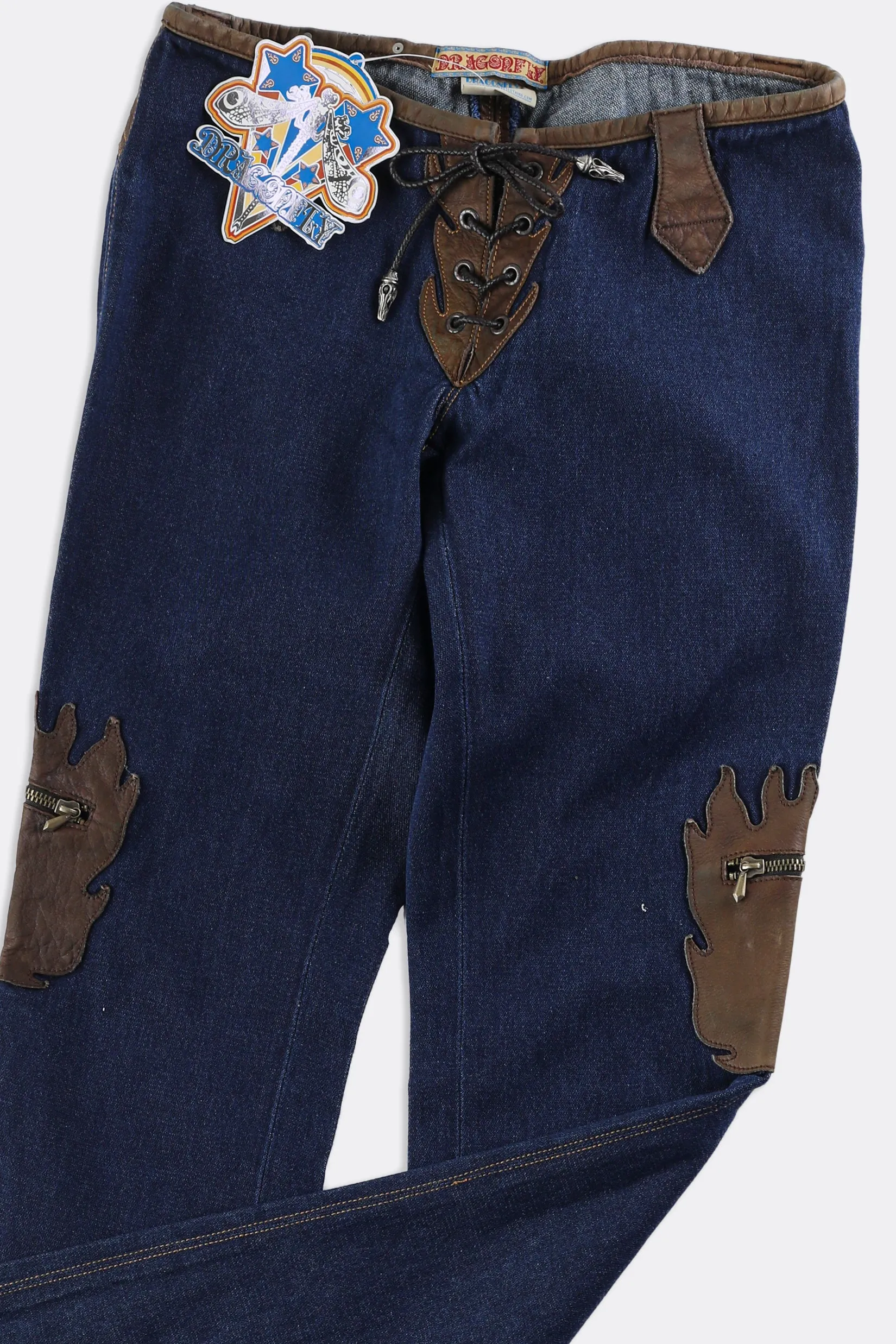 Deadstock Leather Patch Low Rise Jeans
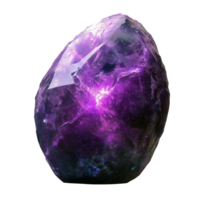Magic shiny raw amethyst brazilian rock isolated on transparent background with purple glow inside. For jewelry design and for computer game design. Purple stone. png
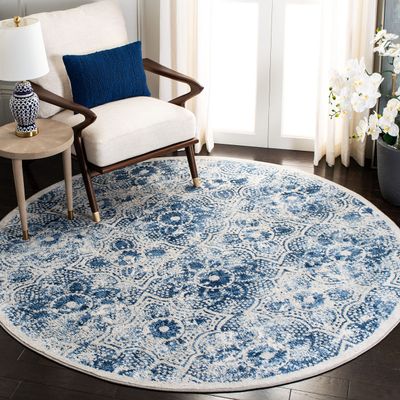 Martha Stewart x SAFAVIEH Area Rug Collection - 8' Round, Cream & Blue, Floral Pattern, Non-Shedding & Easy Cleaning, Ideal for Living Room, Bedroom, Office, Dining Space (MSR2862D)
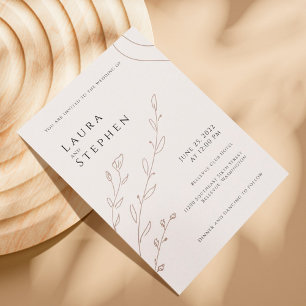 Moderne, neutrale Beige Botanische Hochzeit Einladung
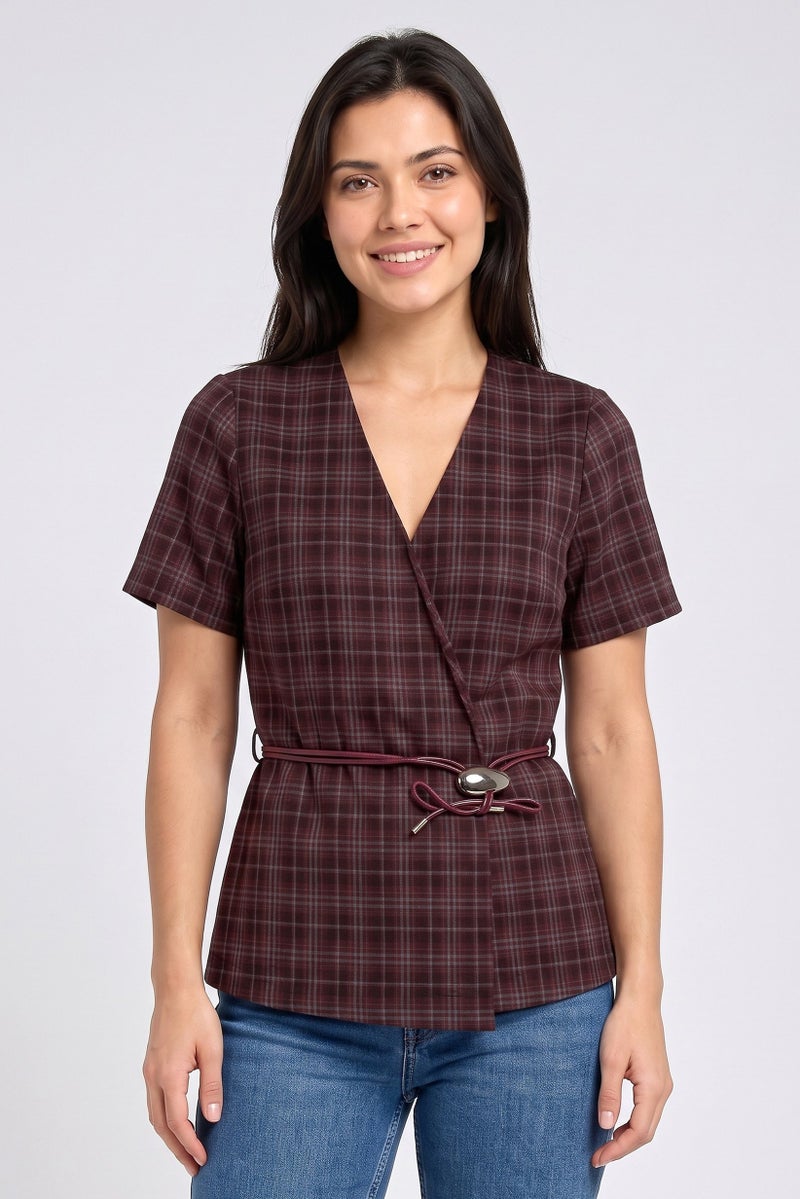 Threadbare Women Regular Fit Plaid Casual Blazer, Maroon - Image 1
----
What is needed is an exact transcription of the lines from the one holding "Moderne, neutrale Beige" to the end of the data, with every picture left out.

• _Worked solution_:
 Moderne, neutrale Beige Botanische Hochzeit Einladung
 Threadbare Women Regular Fit Plaid Casual Blazer, Maroon - Image 1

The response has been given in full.